Um dia de lei para visitar a Dadá e comer as tapioquinhas etéreas que já descrevi aqui. As vezes de imunidade baixa em que gripava e era cuidado com leite quente e açúcar queimado, um gosto tostado de carinho que não esqueço. Indo com o tio Tatá cedíssimo comprar açaí na Iaçá, ele me apontando a feitura do açaí branco, a bacaba, me explicando que aquela era outra fruta, de outra palmeira, todo orgulhoso da sua terra. De dormir dias e dias na rede. Dos mergulhos de igarapé na Ilha do Combu quando meu irmão começou a fazer seu Street River, um festival de arte urbana que leva grafite e infraestrutura para as comunidades ribeirinhas esquecidas pelo poder local.
Não sei bem a história da Nazinha, levada pelos jesuítas; o que sei é que a fé nela move gente de todas as fés nesse frenesi catártico que é sua romaria. Não é de surpreender que a maior festa religiosa do país seja católica, já que foi essa a religião incutida ao povo brasileiro há mais de cinco séculos de História. A fé da festa, porque não sou cristão (e porque não sou de Belém), portanto, não entendo. A fé na festa, a das pessoas, ela sim, é bonita de se ver. Uma fé cultural, mais do que propriamente religiosa.

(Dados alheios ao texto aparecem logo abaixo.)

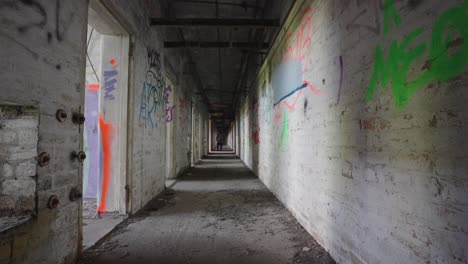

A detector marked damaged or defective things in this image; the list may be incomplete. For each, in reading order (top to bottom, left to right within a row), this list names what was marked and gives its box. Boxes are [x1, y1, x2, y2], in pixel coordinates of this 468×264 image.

De todo o clima de emoção (e é mesmo muita emoção brotando daquele chão), gostava particularmente do nosso momento ecumênico: no meio do círio da Nazaré cristã, reservar uma tarde inteira para deixar baixar nossos ancestrais. Caboclos, pretos-velhos, erês, malandros, sereias amazônidas e princesas turcas com suas palavras e receitas de cura. Começava com os pontos tocados em CDs num rádio antigo, defumando a casa. A Sandra chegava e a gira girava. Nunca saímos de Belém sem lágrimas, recados, graças pedidas e alcançadas. Boa parte delas não costumava vir das falanges de Deus. A fé, enfim, era a desculpa para estarmos juntos. Para comer, beber, rezar, pedir, chorar, sorrir, brigar, reatar e se deixar encantar. Porque outubro que vem, todo mundo vai tentar voltar.
*O título dessa crônica foi inspirado neste álbum delicioso de Gilberto Gil
Comecei lendo com o coração apertado de nostalgia. Depois deu fome e vontade de procurar como fazer carne com creme de castanhas. Agora choro porque nossos ancestrais não nos abandonam nunca.
Eu amo a frase desse titulo. Me emocionei te lendo, quem mora longe está fadado a saudades. Algumas são imensas assim como o círio que deve ser lindo demais.